What’s at stake at this year’s Gold Coast 600
NO matter who crosses the finish line first, history will note this year's Gold Coast 600 as the end of an era.
The event is a chance for fans to farewell one of the sport's true living legends, Craig Lowndes, as he undertakes his final race as a full-time driver.
It's also the last year race weekend will feature two 300km Supercars Championship rounds before the new Gold Coast 500 endurance format debuts in 2019.
It's perhaps why fans turned out early and eager on Day 1 as the sun finally returned to its rightful place after one very wet Gold Coast week.
Friday at the GC600 has become the unofficial traditional day of students, families and motorsport fans on wheels.
Parents pushing prams and sweating buckets, racefans in team colours and wheelchairs and teachers with gaggles of excited students in tow ruled the paths that weave through McIntosh Island on Day 1. The day without queues.
"We've got more than 5000 students here today," Supercars COO Shane Howard said.
Testament to the work the council carries out between races each year, the track precinct is in ship shape after last week's unprecedented wet and windy lead-in.
Tourism Minister Kate Jones and Supercars Australia CEO Sean Seamer thanked the army of paid and unpaid workers who helped prepare the precinct in such challenging conditions.

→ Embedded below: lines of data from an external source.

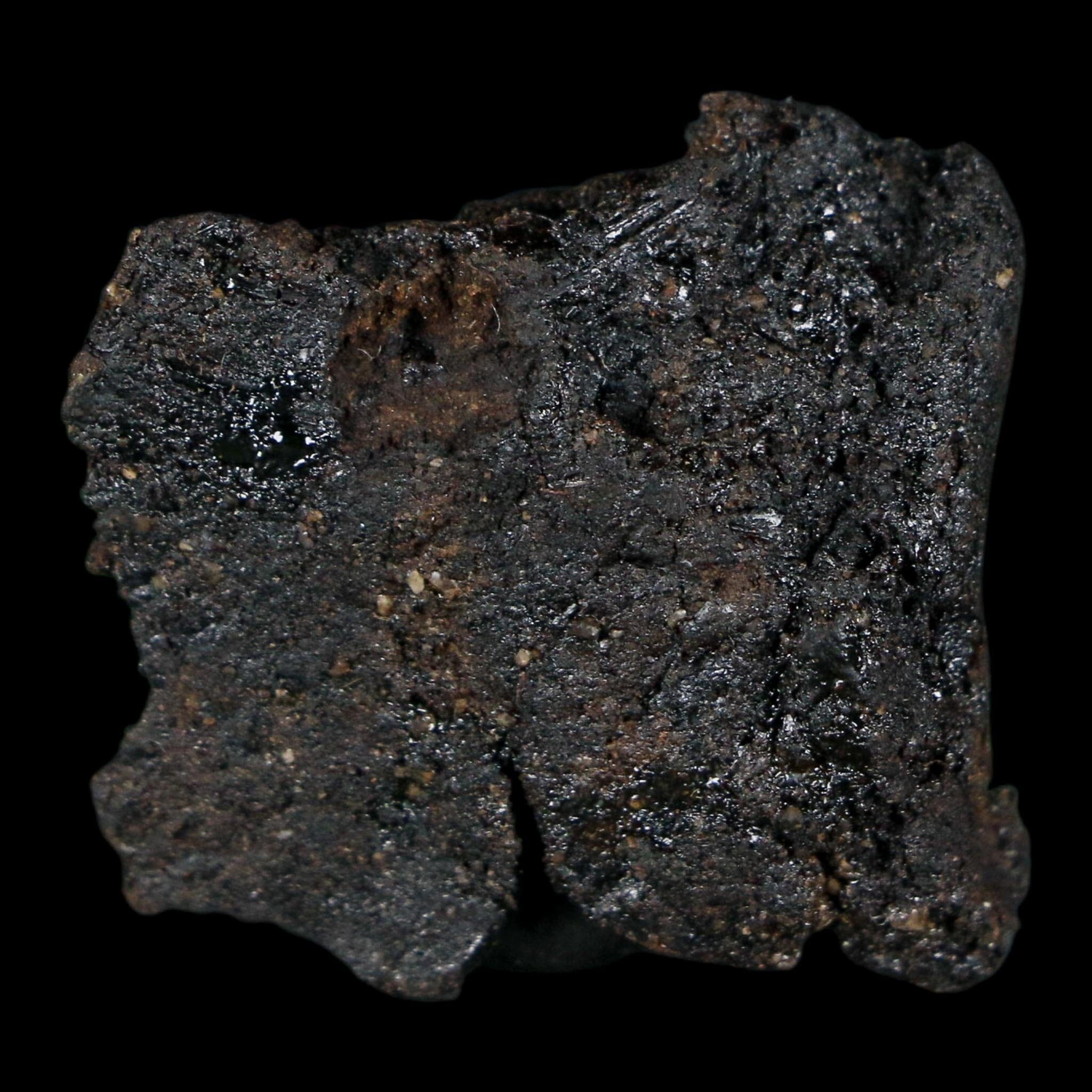 0.3" Fossil Tropisternus Sp Beetle Encapsulated In Solidified Tar Pleistocene Age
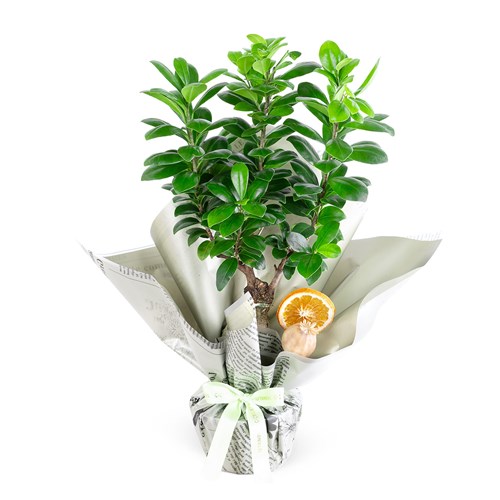 Ficus Ginseng Bonsai Aranjmanı
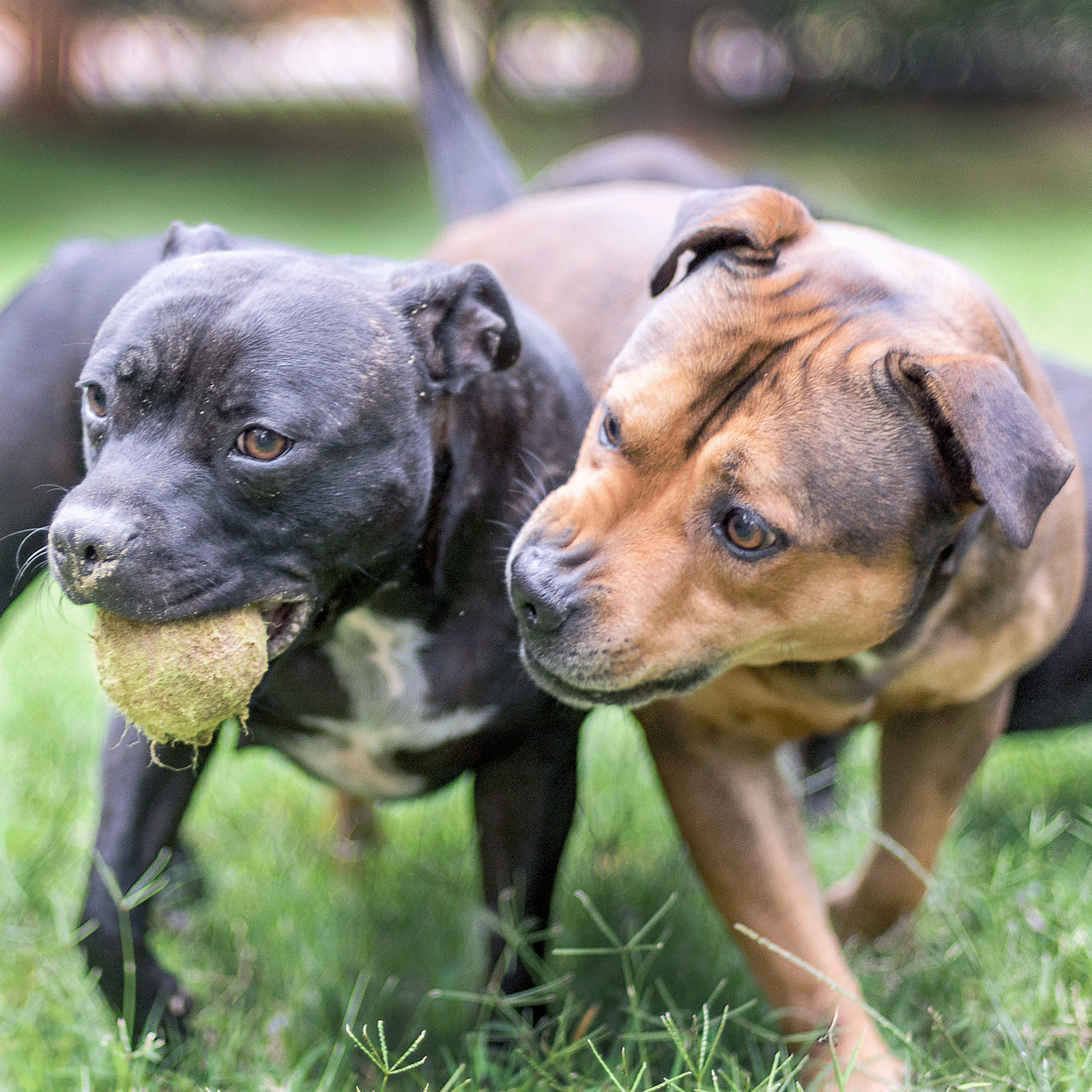 Staffie Puppies in Pretoria (20/03/2020)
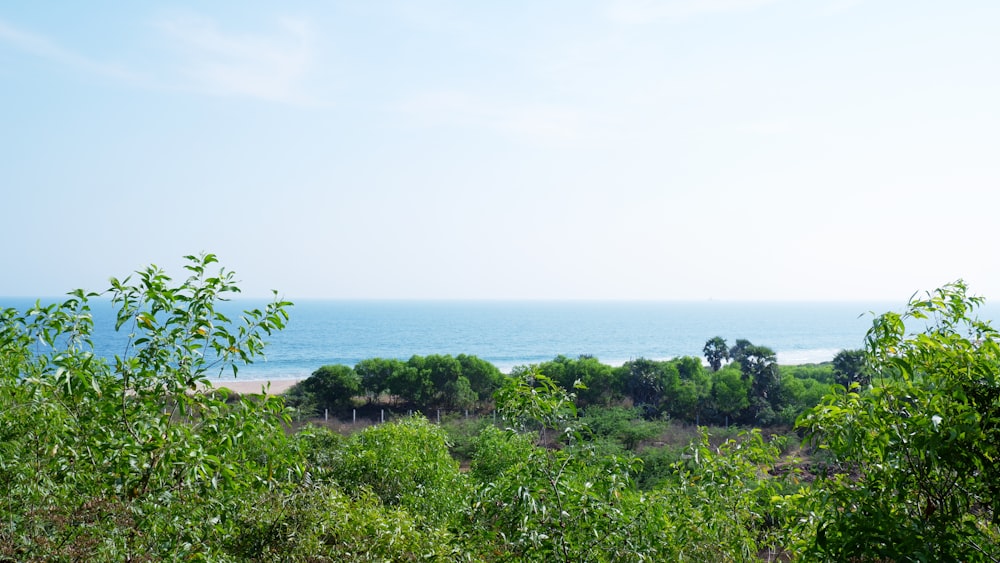 a view of the ocean from a wooded area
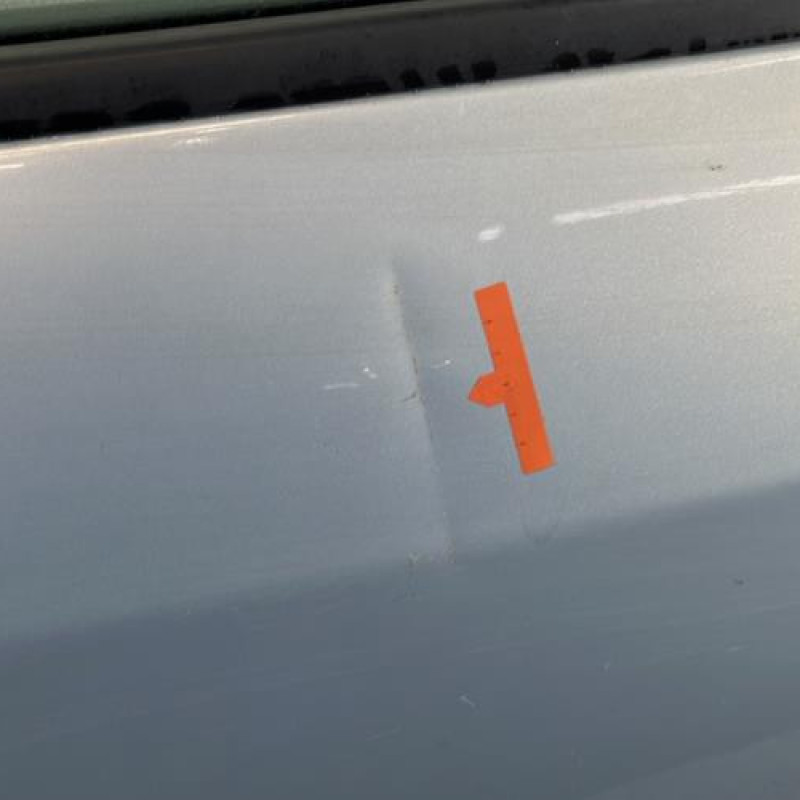 Porte arriere droit RENAULT MODUS Photo n°2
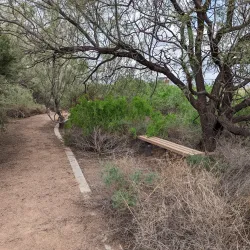 Rio Bosque Wetlands Park - Santa Teresa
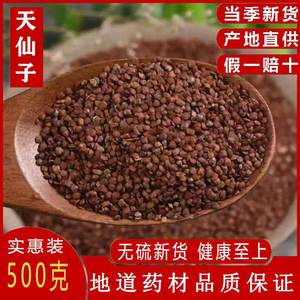 天仙子 野生南天仙子天仙子 南天仙子茶包邮 材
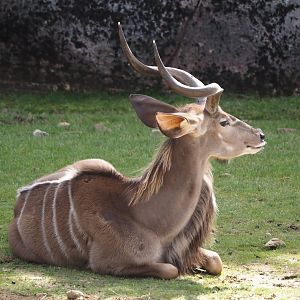Greater kudu (Tragelaphus strepsiceros), 2024-08-21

"Can I say thank you to all the volunteers - more than 750 volunteers - that have worked day and night to get this track up and ready for race day given the extraordinary amount of rain that we've had leading in to this event," Ms Jones said.
"We are so excited with Supercars this year. We expect the economic impact this year will break more than $46 million.
"They have an extraordinary lineup of acts both national and international including Sheppard and of course, one of my favourites Live."
The Minister missed her big chance when Live rocked up trackside moments after she left.
Gold Coast Socceroos player Michael Thwaite, who now calls Burleigh home, made his motorsport debut when he called into the Nissan Team Garage to present mad football fan and Supercars driver Michael Caruso with an autographed Socceroos jersey.
"He's based in Melbourne so I think he's a bit torn between Melbourne and Sydney," Thwaite said.
"This is my first time but I'll definitely come again now that I've made it. I think we need to do more cross-promoting in sport."
Day 1 also turned up this year's first marriage proposal after a fan jumped on the podium and fell on bended knee (she said yes!).
Corporate suite guests poured through the gates like excited children, ready to dine out over an afternoon drive or two.
In fact, demand for corporate experiences is now so strong, the Gold Coast Suns chartered new territory this year with a roped-off suite on the ground under the trackside media centre.
The event's new host with the most, Supercars Australia CEO Sean Seamer, charmed all in his wake as he made his GC600 debut with his frank and friendly style and promise of bigger and better things to come.
"Interestingly, when we talked about the calendar for next year - there's a tremendous amount of change and innovation in it - but the format of the Gold Coast is one of the things that's been asked about the most," he said.
"Which I think is an indication of how popular the event is and how welcome that format change (next year's GC500) has been for fans and for the sponsors."
Mr Seamer's challenge is to ensure the race remains a favourite for motorsport fans as it looks to boost its wider appeal.
"We're putting ourselves under pressure to be able to deliver a broader experience for more people and that's where we have to innovate - not just on the track," he said.
"A new category will help with the race fans but we want to do a better job off-track as well.
"This is seen as the party round so we've got to lift every year and do something bigger and better because people expect it.
"I know what it's like. I was living in Singapore at the time both pre and post the F1 race launching there and you know, you've constantly got to push yourself to be better than what you were last year - and we are."
Mr Seamer said organisers were also looking at ways to boost the GC600's sold-out corporate facilities, most likely by taking some of the existing buildings up another level.
"From a corporate point of view we'll need to look at that (where to put more stands)," he said.
"We've sold out this weekend, we've sold out grandstands. Grandstands are a little bit easier to add, corporate facilities need to be a unique experience.
"For me, along the beach there is where you could start to do something interesting - particularly on a nice day like today, on the other side of the track down on the beach it would be great."
Ah, the good old Goldie. A traffic jam one day, one of the world's most exciting street circuits the next.